そう思ったのも束の間、私の体は宙を舞った。
―――
回想終わり。
……。
ああ……なんて間抜けな死に様なんだろうか。
私の死体、真っ赤な血だまりの中、描きかけのネタ帳抱きしめて転がってるし。
絶対これ匿名掲示板とかニュースサイトとかでネタにされるやつだ。
タイトルはこんなとこだろうか。
『【悲報】同人作家のノノムー・カナデ先生(本名:野々村奏さんw)、車道で幼児のラフスケッチを描いてたらトラックにはねられ死亡。

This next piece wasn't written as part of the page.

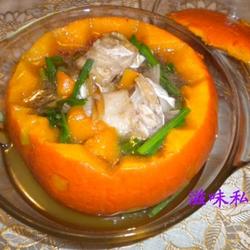 钳鱼唇南瓜盅的做法[图]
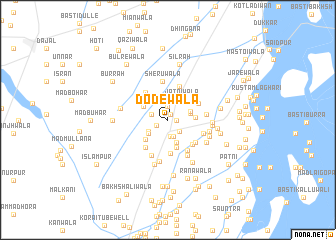 map of Dodewāla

』
うわー……笑い話にしかならない。
殺せ、いっそもう殺せ。
あ、もう死んでましたね。
なら良いか。
いやあんまり良くないけど。
そんなことを考えていると私の体は浮遊感に包まれ、目の前がだんだん白くなってくる。
あー……これが天に召されるということなのかなと思いながら目をつぶる私。
グッバイ現世。
なかなか楽しい同人ライフだったよ。
ノノムラーの皆も自分好みの新しい同人作家を見つけてくれたまえ。
「あのー……」
声と共にちょいちょいっと私の肩を突く誰か。
ちょっと、私は今、現世に思いを馳せてるんだから邪魔しないでよ。
楽しかったなぁ。
同人活動を始めたのは高校生の頃だっただろうか。
同人誌作るのなんて初めてで学校のコピー機でコピ本作ったのも良い思い出だ。
「もしもーし」
だからさっきから五月蠅いっての!
ちょっとは去り行く現世の感傷に浸らせなさいよ!
そう思いながら声のする方に顔を向け目を開けると。
そこには黒い和装に身を包んだ白い羽の生えた背の低い金髪ロングの美少女がいた。
「天使なのか死神なのかどっちかにしろぉーーーーー!!」
スパーン!!
私はそう声を張り上げると共に軽快にその少女の頭にツッコミを入れる。
「きゅう……」
少女は私の思わぬツッコミを受けて目を回して倒れてしまった。
「しまった……」
見た目のあまりの衝撃に思わずツッコミを入れてしまった。
この子って……私をお迎えに来たんだよね、きっと。
やばいなー。
これ私、地獄送り確定なんじゃないの。
うーん……このまま逃げちゃおうかな。
そう思い辺りを見回すと。
さっきまでの凄惨な交通事故現場とうってかわって周囲は何処までも白い空間が続くのみ。
足元も何もかもが真っ白い。
こんな何もないとこで逃げてもなー……。
すぐ捕まっちゃいそうだし、ここは慌てずに少女を介抱してあげよう、そうしよう。
私は少女の体を仰向けに寝かせ膝枕をしてあげることにした。
よいしょっと……。
私の膝に少女の頭を乗せ、金色の髪をすくように撫でつける。
それにしてもこの子……めっちゃ可愛いな。
この場にネタ帳があったらスケッチしてしまいたいくらいの美少女だ。
なんかすごくいい匂いもするし。
思わぬ幸せな心地に浸っていると。
しばらくして。
「う……」
「あ、気が付いた?ごめんなさい、思わず突っ込み入れちゃって」
私の膝から身をおこしたかと思うとのっそりと立ち上がる少女。
そして辺りをキョロキョロと挙動不審に見回す。
「……ここは何処でしょう?」
一通り見回した後、キョトンとした顔で少女は私に問うてくる。
「は?」
何言ってんの。
「あなたが私をここに連れて来たんじゃないの」
「そうなんですか……。それで、えっと……あなたは……どなたなんでしょう?」
「え……」
今なんて言った、この子。
私が誰だか分からない……?
自分で連れてきといて?
そして、続いて少女は我が耳を疑う言葉を口にするのだった。